Opinion: Immigrants Did Not Take Your Job

An immigration-reform bill is being constructed on Capitol Hill. Provided it addresses border-security concerns, the time has come for conservatives to embrace a reform measure--and the reasons are not just political; they are economic as well.

After the Senate's "Gang of Eight" released its immigration-reform principles, Rep. Lamar Smith, R-Texas, stated that it would "cost Americans their jobs when they have to compete with millions of more [immigrants] for scarce jobs." Implicit in his assumption is that immigrants "take" jobs from Americans. But that is untrue.

But if immigrants "take" jobs from Americans, then so must any new entrant in the workforce also take a job from another American. If the number of jobs is fixed and adding new labor just increases unemployment--which would be the logical conclusion to this argument--unemployment should increase over time as the population grows. The reality is the precise opposite.

From 1948 to 2012, the size of the U.S. labor force went from 60 million to 156 million--a two-and-a-half-fold increase. Over the same time, the number of people employed in the U.S. labor market has increased from 58 million to 148 million. There would be about 90 million fewer employed Americans today than there are if new workers entering the labor market actually prevented older workers from getting jobs.

This 90 million net gain in jobs since 1948 is impossible to explain for people claiming that immigrants "take jobs" from Americans.

The large increase in the size of the U.S. labor market has been due to two phenomena: the increased entry of women into the labor force, and immigration. After World War II, women began to enter the labor force in dramatic numbers, rising from 17 million women in 1948 to 73 million in 2012--a more thanr fourfold increase in little over 60 years. Women went from a paltry labor-force participation rate of 33 percent to 58 percent.

During the same time, male workers went from 43 million to 76 million workers, increasing by a far more modest 77 percent. The male labor-force participation rate, however, has declined from 87 percent to 70 percent, reflecting the aging of the workforce, the Great Recession, and government assistance for the unemployed. What's clear, though, is that the economy created jobs for both men and women over the decades.

Immigration has also swelled the labor force. In 1950, immigrants numbered about 10 million and were roughly 7 percent of the population. Today there are 40 million immigrants, and they constitute 13 percent of the population. An average of 600,000 legal immigrants have come here annually since 1948, accompanied by a smaller but substantial number of unauthorized immigrants.

But the data are even more positive than that. During this time the proportion of the U.S. population that is employed has increased by 2 percentage points. Furthermore, the labor-force participation rate, the percentage of Americans employed or looking for a job any given month, is 5 percentage points greater in 2012 than it was in 1948--an astonishing increase considering our moribund economy.

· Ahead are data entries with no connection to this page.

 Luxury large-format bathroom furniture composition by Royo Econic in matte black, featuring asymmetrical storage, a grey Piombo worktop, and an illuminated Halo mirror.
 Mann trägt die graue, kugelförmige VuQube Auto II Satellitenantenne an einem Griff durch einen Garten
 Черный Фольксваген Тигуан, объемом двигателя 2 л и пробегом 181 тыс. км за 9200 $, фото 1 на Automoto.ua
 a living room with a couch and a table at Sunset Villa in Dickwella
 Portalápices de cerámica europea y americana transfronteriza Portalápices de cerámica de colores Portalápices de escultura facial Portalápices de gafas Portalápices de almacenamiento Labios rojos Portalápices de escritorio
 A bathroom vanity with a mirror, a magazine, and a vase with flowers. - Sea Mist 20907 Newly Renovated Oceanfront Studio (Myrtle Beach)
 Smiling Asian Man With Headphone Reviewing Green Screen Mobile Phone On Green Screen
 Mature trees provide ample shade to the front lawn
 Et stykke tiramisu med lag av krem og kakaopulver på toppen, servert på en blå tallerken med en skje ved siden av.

Women did not "take" the jobs of American men when they entered the labor force, and neither have immigrants. The total size of the U.S. workforce and the number of people employed have increased dramatically over the decades. Recessions and periods of slow employment growth, such as the 1970s and the Great Recession, produce kinks in that trend, but it is unmistakably positive.

Immigrants, like native-born American women and men, create jobs by starting businesses and consuming and producing goods and services. According to the Kauffman Foundation, immigrants are more than twice as likely to start a business as native-born Americans. High-tech firms like Google, cofounded by Russian immigrant Sergey Brin, and low-tech ones like Panda Express, founded by the Cherng family from Taiwan, employ Americans and create goods and services that Americans want.

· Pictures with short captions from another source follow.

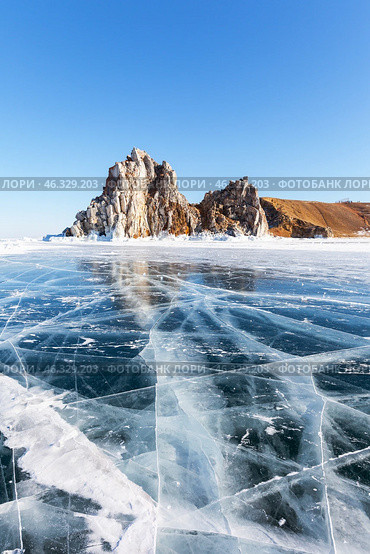 Scenic winter landscape of frozen Baikal Lake. View of famous Shamanka Rock - natural landmark of Olkhon Islands from blue clear ice with cracks on sunny day of February. Winter travels and recreation. Стоковое фото, фотограф Виктория Катьянова / Фотобанк Лори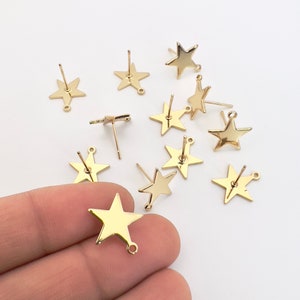 May include: Gold-colored star-shaped earring posts with a post and loop design. The earrings are shiny and have a smooth surface. The image shows several individual earring components, ideal for jewelry making or crafting.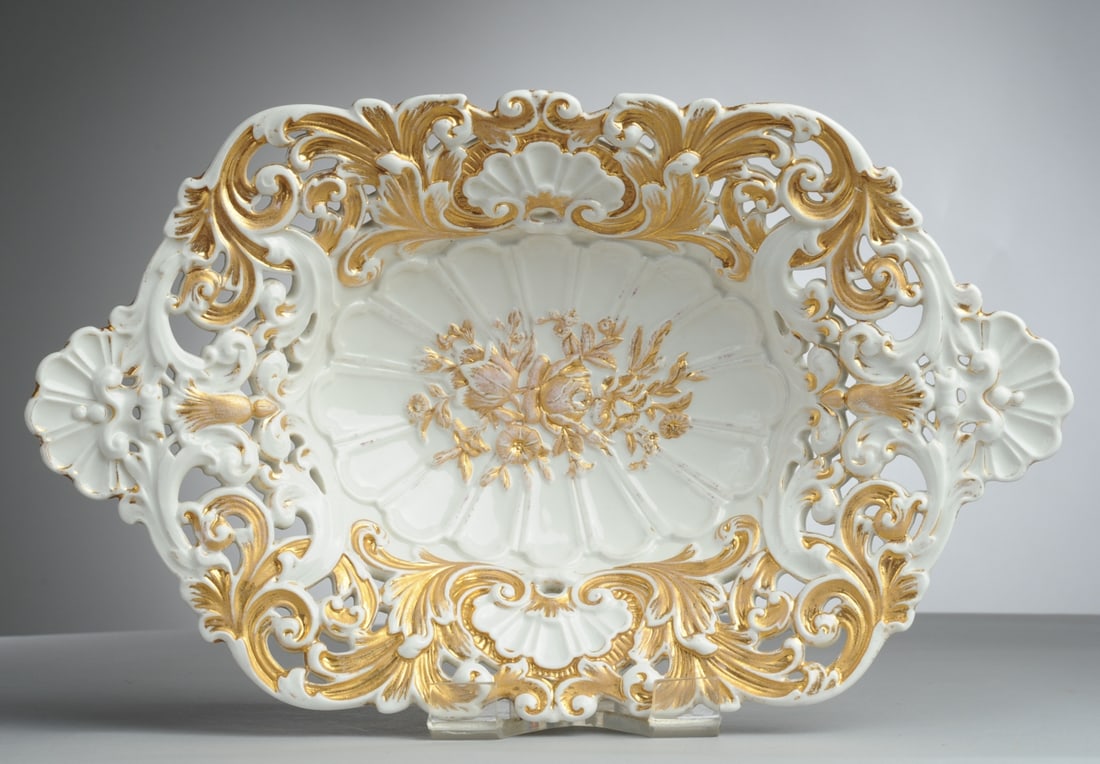 Antique Meissen Reticulated Centerpiece Bowl: Late 19th / early 20th century Meissen rococo bowl, crossed swords to underside, some losses to gilt, no visible chip, cracks or repairs. Approx. 14 1/4" x 8 3/4" x 2 3/4". Seamless shipping is availa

Immigrants' skills often complement American ones, meaning that when immigrants and natives work together, both produce more and earn higher wages than if they were working in separate countries. Immigration does not divide a fixed pie of wealth; it increases wealth, incomes, and job opportunities for everybody.

The view that workers, whether women or immigrants, "take" jobs is a new iteration of the old socialist notion--the basis for class warfare--that there is a fixed and static pie of wealth to be divided by some wise central planner. This notion was debunked by free-market economists more than a century ago. It's time for opponents of immigration reform like Rep. Smith to learn that lesson and trust the market to regulate immigration flows better than the government.

Alex Nowrasteh is an immigration policy analyst at the Cato Institute.